Unnamed: 0,year,selling_price,km_driven,owner,fuel_Diesel,fuel_Electric,fuel_LPG,fuel_Petrol,seller_type_Individual,seller_type_Trustmark Dealer,...,brand_Mercedes-Benz,brand_Mitsubishi,brand_Nissan,brand_OpelCorsa,brand_Renault,brand_Skoda,brand_Tata,brand_Toyota,brand_Volkswagen,brand_Volvo
0,2007,60000,70000,1,0,0,0,1,1,0,...,0,0,0,0,0,0,0,0,0,0
1,2007,135000,50000,1,0,0,0,1,1,0,...,0,0,0,0,0,0,0,0,0,0
2,2012,600000,100000,1,1,0,0,0,1,0,...,0,0,0,0,0,0,0,0,0,0
3,2017,250000,46000,1,0,0,0,1,1,0,...,0,0,0,0,0,0,0,0,0,0
4,2014,450000,141000,2,1,0,0,0,1,0,...,0,0,0,0,0,0,0,0,0,0


# Split the dataset

In [131]:
from sklearn.model_selection import train_test_split

X = df.drop("selling_price", axis=1)
y = df["selling_price"]

X_train, X_test, y_train, y_test = train_test_split(X, y, test_size=0.2, random_state=42)

print("Training data shape:", X_train.shape)
print("Testing data shape:", X_test.shape)

Training data shape: (2861, 38)
Testing data shape: (716, 38)


# Linear Regression Model 

In [132]:
from sklearn.linear_model import LinearRegression
from sklearn.metrics import mean_absolute_error, r2_score

linear_model = LinearRegression()
linear_model.fit(X_train, y_train)

linear_y_pred = linear_model.predict(X_test)

linear_mae = mean_absolute_error(y_test, linear_y_pred)
linear_r2 = r2_score(y_test, linear_y_pred)

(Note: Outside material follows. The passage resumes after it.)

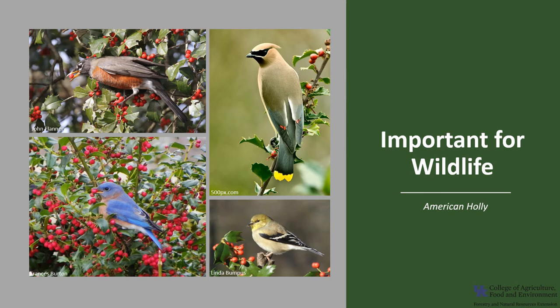Holly, especially the fruit, is an important wildlife food. The fruit is eaten primarily by birds, but some mammals, including deer and squirrel, eat the fruit as well. At least 18 species of birds — including robins, cedar waxwings, bluebirds, mourning doves, wild turkeys, and bobwhite — are known to eat the fruit. Small birds such as the American goldfinch use this evergreen for winter cover. The nectar of the holly also makes excellent honey.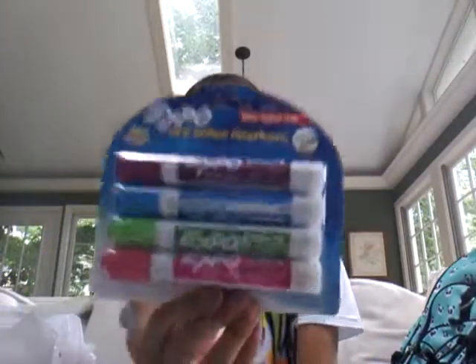The next thing I got was these Expo markers, because last year there was this one kid in my class who always stole the Expo markers, so my group had no Expo markers for the whole school year. This year I decided to get my own so I don't have to go through that again — that was a terrible time! I got Expo markers, and it came with purple, blue, green, and pink. It would also be good to draw on my dry erase board until school starts.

print("Linear Regression\n")
print(f"MAE: {linear_mae:,.4f}\n")
print(f"R2 Score: {linear_r2:.4f}")

Linear Regression

MAE: 180,314.2719

R2 Score: 0.5373


# Decision Tree Regressor Model

In [133]:
from sklearn.tree import DecisionTreeRegressor

tree_model = DecisionTreeRegressor(random_state=42)
tree_model.fit(X_train, y_train)

tree_y_pred = tree_model.predict(X_test)

tree_mae = mean_absolute_error(y_test, tree_y_pred)
tree_r2 = r2_score(y_test, tree_y_pred)

print("DecisionTreeRegressor\n")
print(f"MAE: {tree_mae:,.4f}\n")
print(f"R2 Score: {tree_r2:.4f}")

DecisionTreeRegressor

MAE: 203,422.6013

R2 Score: 0.2580


# Random Forest Regressor Model

In [134]:
from sklearn.ensemble import RandomForestRegressor

forest_model = RandomForestRegressor(random_state=42)
forest_model.fit(X_train, y_train)

forest_y_pred = forest_model.predict(X_test)

forest_mae = mean_absolute_error(y_test, forest_y_pred)
forest_r2 = r2_score(y_test, forest_y_pred)

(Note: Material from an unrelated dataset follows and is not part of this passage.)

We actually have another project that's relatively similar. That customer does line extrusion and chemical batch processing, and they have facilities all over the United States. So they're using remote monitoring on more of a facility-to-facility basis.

print("DecisionTreeRegressor\n")
print(f"MAE: {forest_mae:,.4f}\n")
print(f"R2 Score: {forest_r2:.4f}")

DecisionTreeRegressor

MAE: 159,718.9318

R2 Score: 0.5842


# Gradient Boosting Regressor Model

In [135]:
from sklearn.ensemble import GradientBoostingRegressor

gradient_model = GradientBoostingRegressor(random_state=42)
gradient_model.fit(X_train, y_train)

gradient_y_pred = gradient_model.predict(X_test)

gradient_mae = mean_absolute_error(y_test, gradient_y_pred)
gradient_r2 = r2_score(y_test, gradient_y_pred)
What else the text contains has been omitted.